Kita prihatin, jika menyaksikan pejabat-pejabat tinggi kita masih ada yang tidak mau mengorbankan ego kekuasaannya. Bahkan, ada sebagian dari mereka itu malah menyalahgunakan kekuasaannya untuk  memenuhi nafsu  “kehewanan” nya.  Bersamaan dengan itu, sebagian dari rakyat kita juga ada yang  telah kehilangan kesabaran dengan melakukan anarhirsme sosial.  Sebagian saudara-saudara kita, yang merasa tidak mampu menikmati kue pembangunan, tidak malu lagi mejadi pengemis, ada yang mengemis di perempatan-perempatan jalan kota, ada yang  menyisir dari rumah ke rumah, ada yang di angkutan umum dan hampir semua aktivitas masyarakat kita, di situ ada pengemis.

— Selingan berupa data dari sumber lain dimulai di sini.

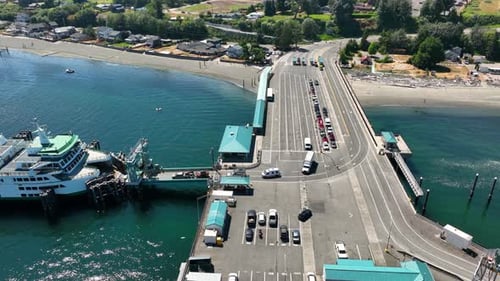 Aerial view of cars loading onto a ferry leaving Clinton, WA.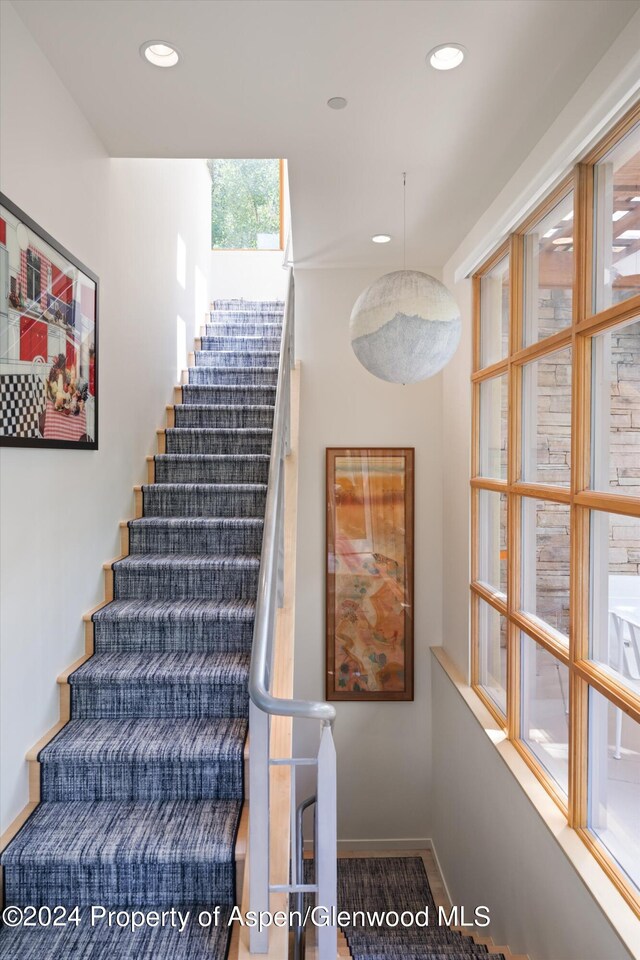 250 Mountain Laurel Dr Unit B, Aspen, CO 81611 - staircase featuring baseboards and recessed lighting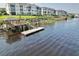 Tranquil water view with a dock, gazebo and condos in the background at 901 W Port Dr. # 2114, North Myrtle Beach, SC 29582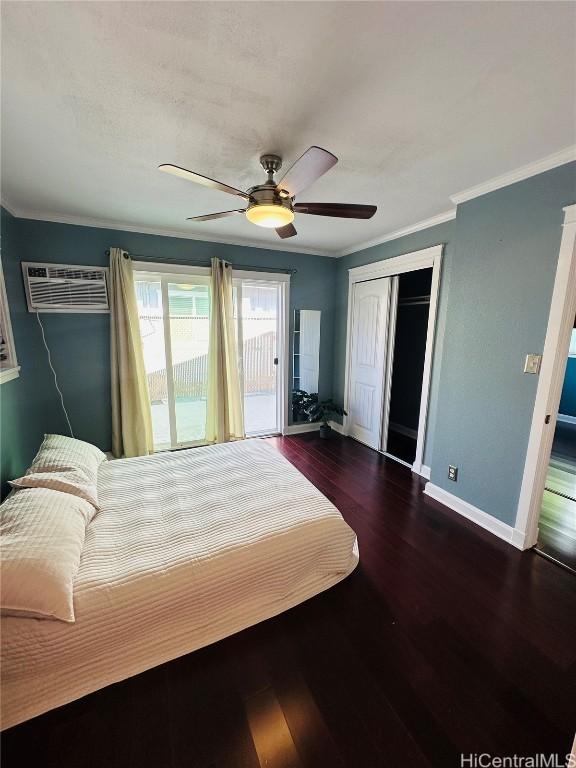 bedroom with dark wood-type flooring, crown molding, a wall mounted AC, a closet, and access to exterior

Karena itu,  kita perlu segera kembali kepada tuntunan Qurban dari Nabi Ibrahim AS. Kita perlu segera ber-Qurban, sebelum menjadi "korban" yang sebenarnya. Bisa jadi kita menjadi korban kejahatan politik, sosial, ekonomi, atau korban bencana alam dan lain-lain.

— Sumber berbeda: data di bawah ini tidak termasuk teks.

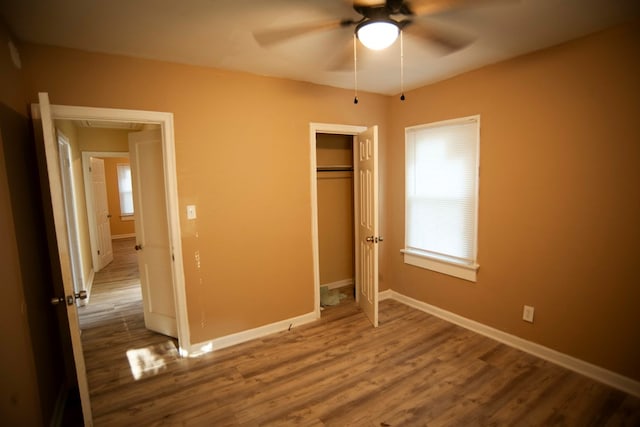 unfurnished bedroom featuring hardwood / wood-style flooring, ceiling fan, and a closet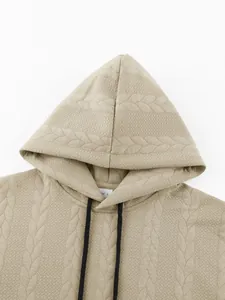 Close-up detail of khaki jacquard textured men's heavyweight hooded sweatshirt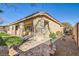 Covered patio, artificial turf, and brick pavers at 8109 Mountain Forest Ct, Las Vegas, NV 89129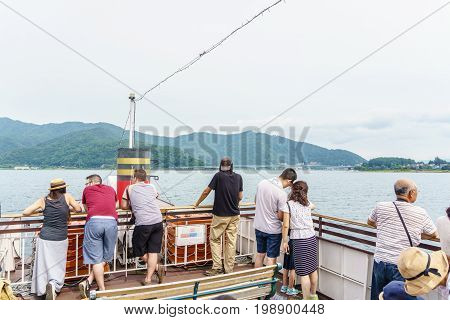 YAMANASHI JAPAN - July 24 2017 Tourists with Sightseeing boat in the lake of Kawaguchi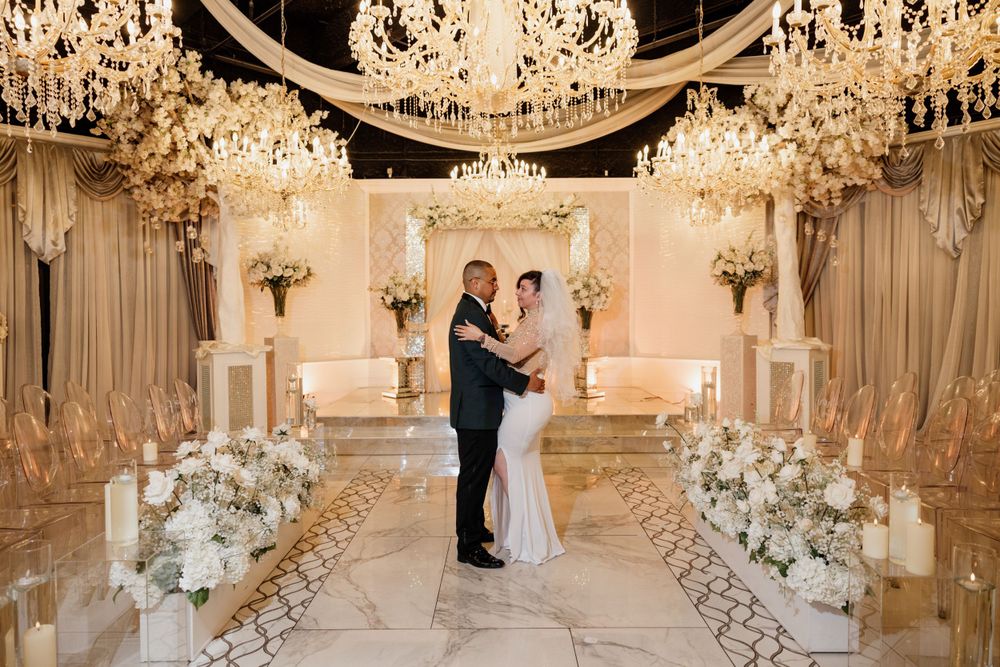 Elegant wedding ceremony setup with crystal chandeliers and white floral arrangements in an opulent ballroom.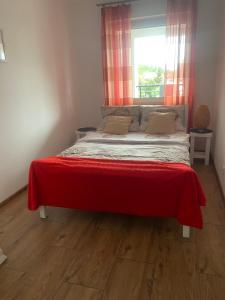 a bedroom with a bed with a red blanket on it at APARTAMENT MARTA in Biłgoraj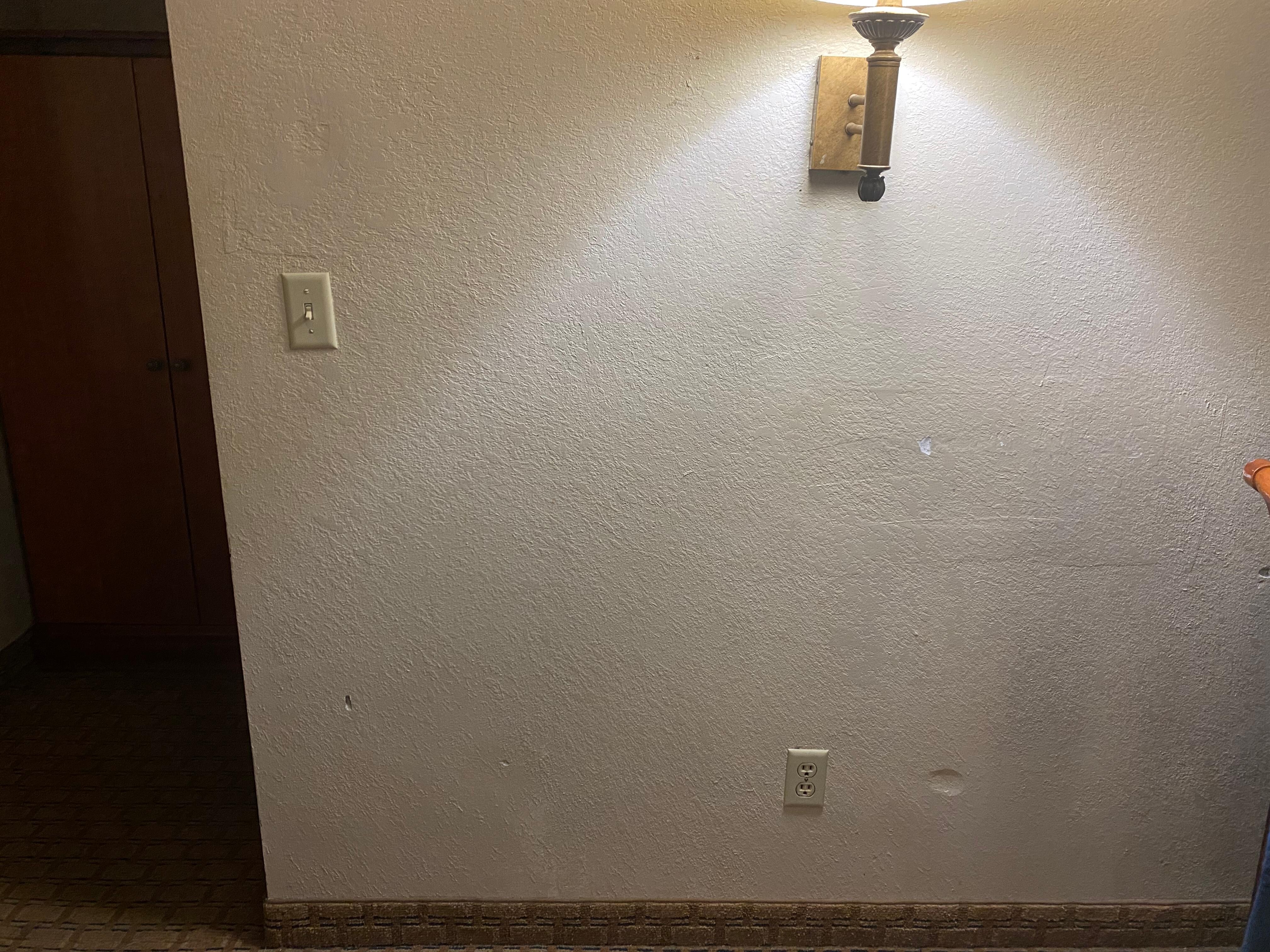 Holes and dents in the wall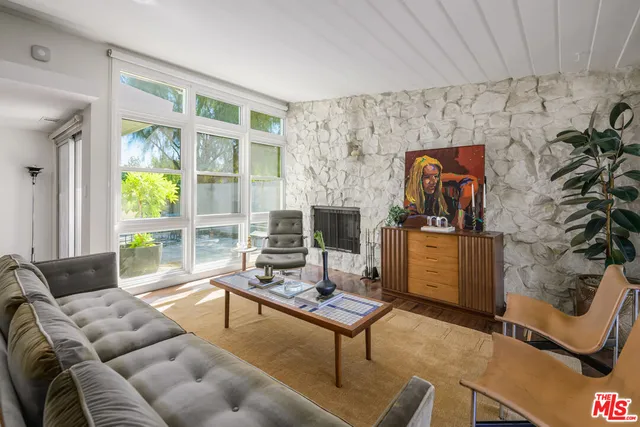 a living room with furniture a rug and a window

Karena itu, berbagai peristiwa seperti gempa bumi, tsunami, tanah longsor, gunung meletus dan sebagainya, bisa jadi tidak hanya menimbulkan jatuhnya korban manusia, tetapi juga dapat  menjungkir balikkan tata sosial, ekonomi, budaya, pendidikan,  kekerabatan, lingkungan dan berbagai aspek kehidupan lainnya. Karena itu, sepatutnya kita perlu belajar banyak dari berbagai peristiwa itu. Bahwa alam telah mengajarkan kita untuk selalu menyadari betapa pentingnya berkorban untuk kepentingan orang lain. Di sinilah relevansinya kesadaran untuk menunaikan ibadah Qurban di hari Raya ‘Idul Adha atau Hari Raya Haji.

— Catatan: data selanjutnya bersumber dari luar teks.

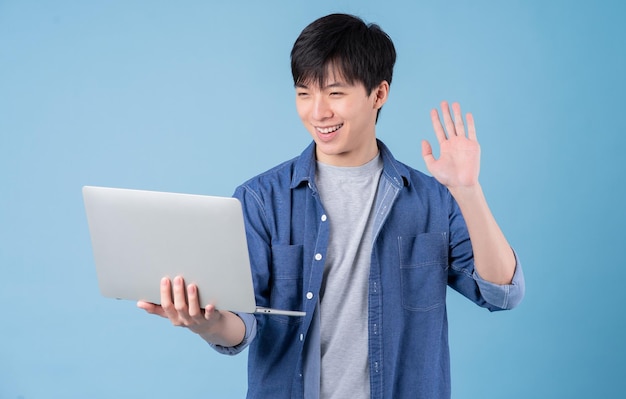 Joven asiático usando una laptop con fondo azul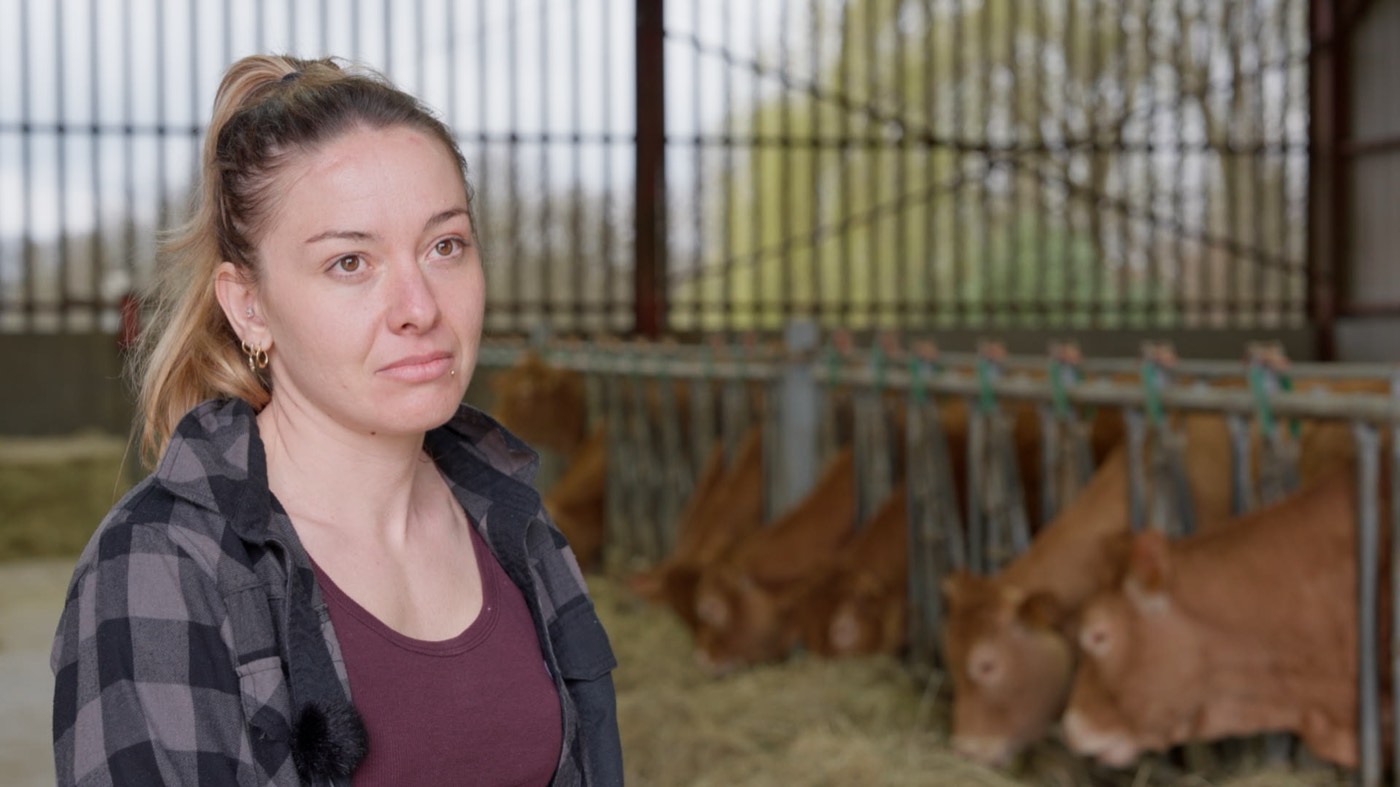 Image du film · une éleveuse dans sa stabulation, ses bêtes derrière elle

Karena itu, ber-Qurban itu sebenarnya bukan sekedar bersifat ekonomis semata, tetapi lebih bersifat spiritual. Sama hanyalnya dengan ibadah haji. Artinya, bahwa kesadaran untuk ber-Qurban atau beribadah haji itu tidak sekedar mampu secara ekonomi, tetapi yang lebih penting adalah mampu secara spiritual, yaitu memiliki kesadaran ke-Illahi-an yang tinggi, kemanusiaan dan masa depan.   Bagi orang yang  dalam kehidupannya mampu melampau dimensi material dan instrumental, tidak lagi mementingkan harta benda, jabatan, popularitas dan sejenisnya, maka ia tidak berat lagi menjalankan ibadah korban atau ibadah-ibadah lainnya yang memiliki dimensi vertikal maupun horisontal.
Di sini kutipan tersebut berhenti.